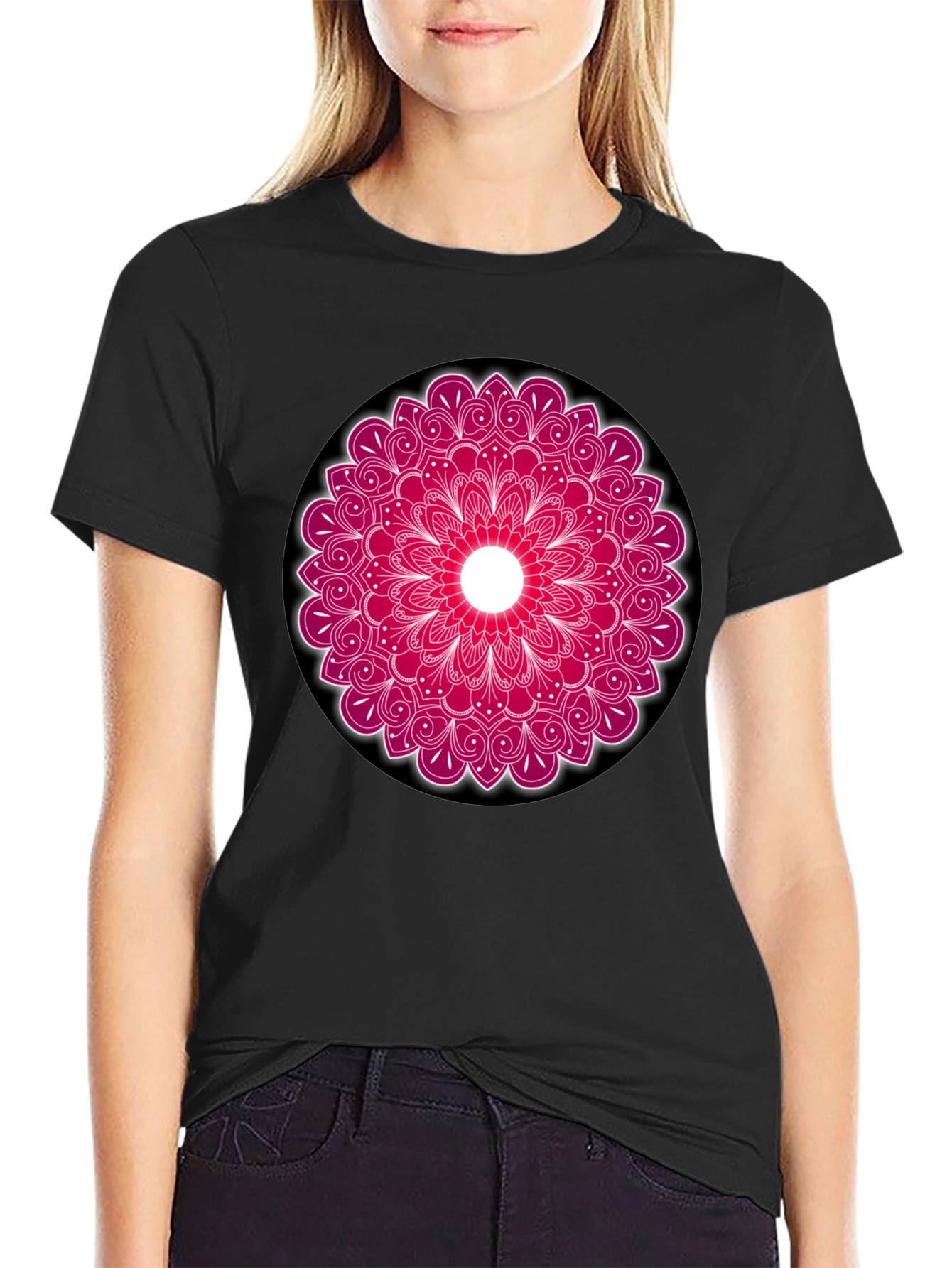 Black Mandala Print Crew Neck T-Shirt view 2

****

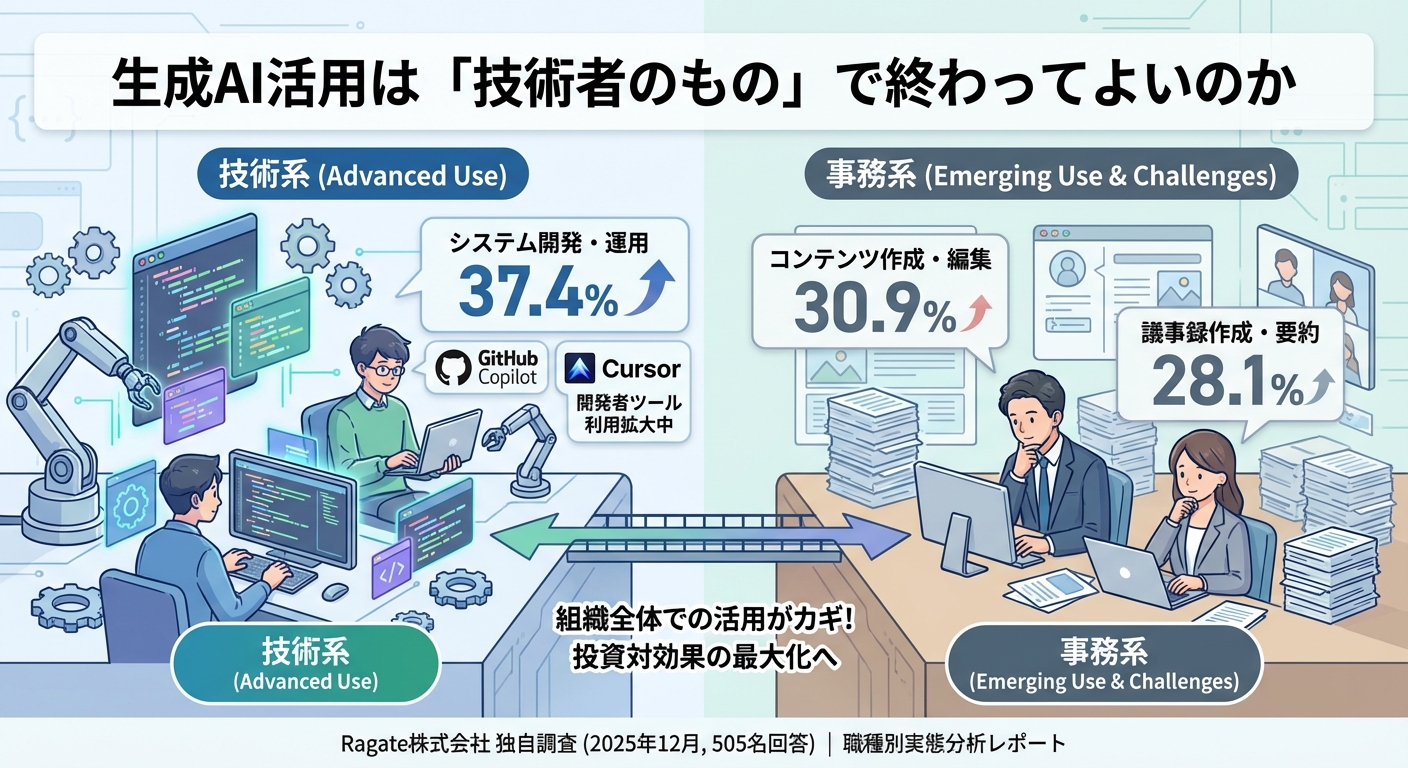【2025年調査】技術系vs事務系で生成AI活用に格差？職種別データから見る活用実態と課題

****

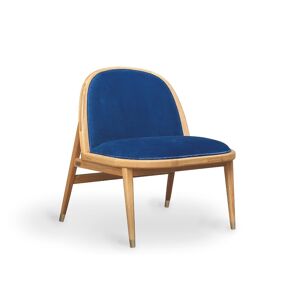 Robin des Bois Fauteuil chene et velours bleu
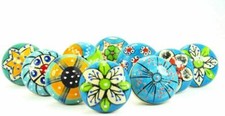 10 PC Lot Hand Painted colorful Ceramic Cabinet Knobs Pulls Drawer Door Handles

****

## Task directions
Here the job is to copy the stretch of records from the line containing "Robin des Bois" through the line containing "10 PC Lot Hand", word for word. Leave every picture out.

## Written reply
 Robin des Bois Fauteuil chene et velours bleu
 10 PC Lot Hand Painted colorful Ceramic Cabinet Knobs Pulls Drawer Door Handles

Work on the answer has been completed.